Savannah, młoda kobieta, która niedawno zadebiutowała na rynku literackim bestsellerową powieścią grozy „All Light Will End”, od dzieciństwa zmaga się z koszmarami sennymi. Po samobójczej śmierci jej matki Dianny przed paroma laty, Savannah wyjechała z małego miasteczka, w którym mieszkała od urodzenia. Ze swoim ojcem, Davidem, będącym szefem policji w jej rodzinnym miasteczku, Savannah nie ma dobrych stosunków, ale dobrze rozumie się z młodszym bratem Leelandem, który nadal mieszka w domu w lesie niegdyś zajmowanym przez nich i ich rodziców. Savannah, jej chłopak Jack i zaprzyjaźniona z nimi para, Faith i Paul, postanawiają spędzić weekend w tym domu.
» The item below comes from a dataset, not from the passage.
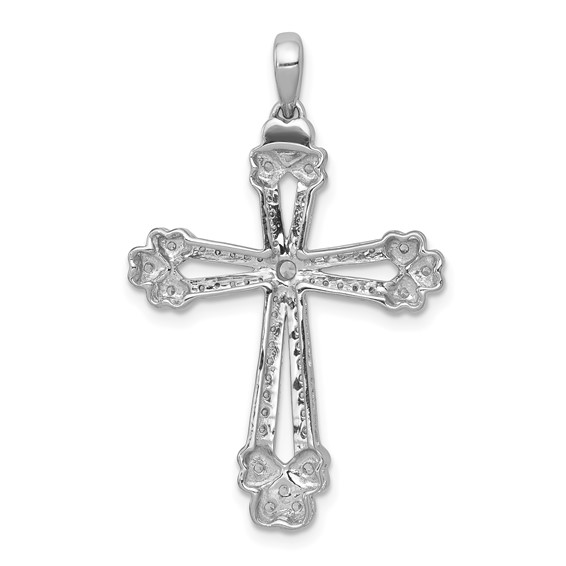 14k White Gold 3/8 carat Diamond Budded Cross Pendant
Na miejscu wita ich Leeland, którego bardzo cieszy widok siostry. Savannah natomiast czuje się nieswojo. Miejsce to przywołuje niepokojące wspomnienia, a jej koszmarne sny stają się bardziej realistyczne niż zwykle.
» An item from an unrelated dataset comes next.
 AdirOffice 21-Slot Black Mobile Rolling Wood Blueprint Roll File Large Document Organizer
Pierwszy pełnometrażowy film Chrisa Blake'a, „All Light Will End” to mieszanka thrillera i horroru, z przewagą tego pierwszego. Scenariusz napisał on wespół z Jasonem Hillem, z którym współpracował już wcześniej przy paru shortach. Trochę potrwało zanim udało im się stworzyć coś, z czego byli zadowoleni – powstało kilka wersji scenariusza, a i do tej ostatecznej wprowadzali poprawki już w trakcie zdjęć. Jeśli chodzi o obsadę to Chris Blake zdradził, że najtrudniejszy był wybór aktorki do roli Dianny, matki głównej bohaterki. Zwrócono mu jednak uwagę na horror „Bez litości”, remake „Pluję na twój grób”, w którym to miał przyjrzeć się Sarah Butler. Tak zrobił i już następnego dnia skontaktował się z zespołem tej aktorki. Butler przyjęła jego propozycję, czego zresztą reżyser i współscenarzysta „All Light Will End” nie pożałował – jak wyznał w jednym z wywiadów okazała się ona dokładnie taką osobą, jakiej szukali.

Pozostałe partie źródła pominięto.